Tessa Virtue, Scott Moir thank London for memorable worlds

Tessa Virtue and Scott Moir perform at the ISU World Figure Skating Championships gala at Budweiser...

Tessa Virtue and Scott Moir perform at the ISU World Figure Skating Championships gala at Budweiser Gardens in London, Ont., March 17, 2013. (MARK BLINCH/Reuters)

RYAN PYETTE, QMI Agency

, Last Updated: 7:41 PM ET

LONDON, ONT. - If they could, Tessa Virtue and Scott Moir would've changed one thing about the World Figure Skating Championships.

The hometown heroes would have switched the national anthem at Saturday's ice dance medal ceremony from the Star Spangled Banner to O Canada.

They didn't win, but London did, in the minds of the globe-trotting skaters whose seventh career worlds will always be their most memorable.

“We never could have imagined a hometown world championships,” Virtue, the 23-year-old Londoner, said. “London is on the world stage and it has handled it gracefully. We felt the excitement (ahead of last week) building. It's what everybody has been talking about.
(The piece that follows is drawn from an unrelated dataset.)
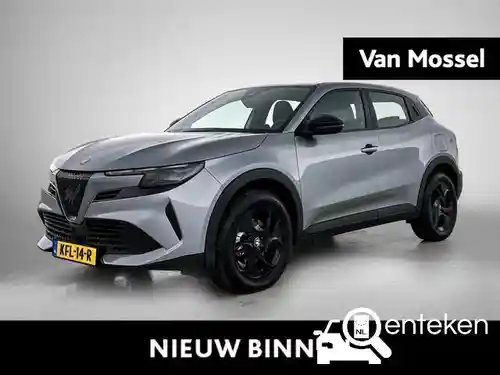 Alfa Romeo Junior Ibrida 1.2 VGT 48V-Hybrid 2025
“The skating crowd is phenomenal. There are no more knowledgeable fans.”

Three-time men's world champ Patrick Chan said the atmosphere at Budweiser Gardens – even when it wasn't filled to capacity early in the week – inspired the skaters. The arena, with a capacity of 6,691 for figure skating events, was the smallest venue used for the worlds in the 10 times Canada has hosted the tournament.

“I don't think we're pulling wool over anyone's eyes in trying to compare with Moscow, Nice (France), Tokyo,” Moir, the 25-year-old Ilderton, Ont., native, said. “It's a unique worlds and I think the community did an amazing job.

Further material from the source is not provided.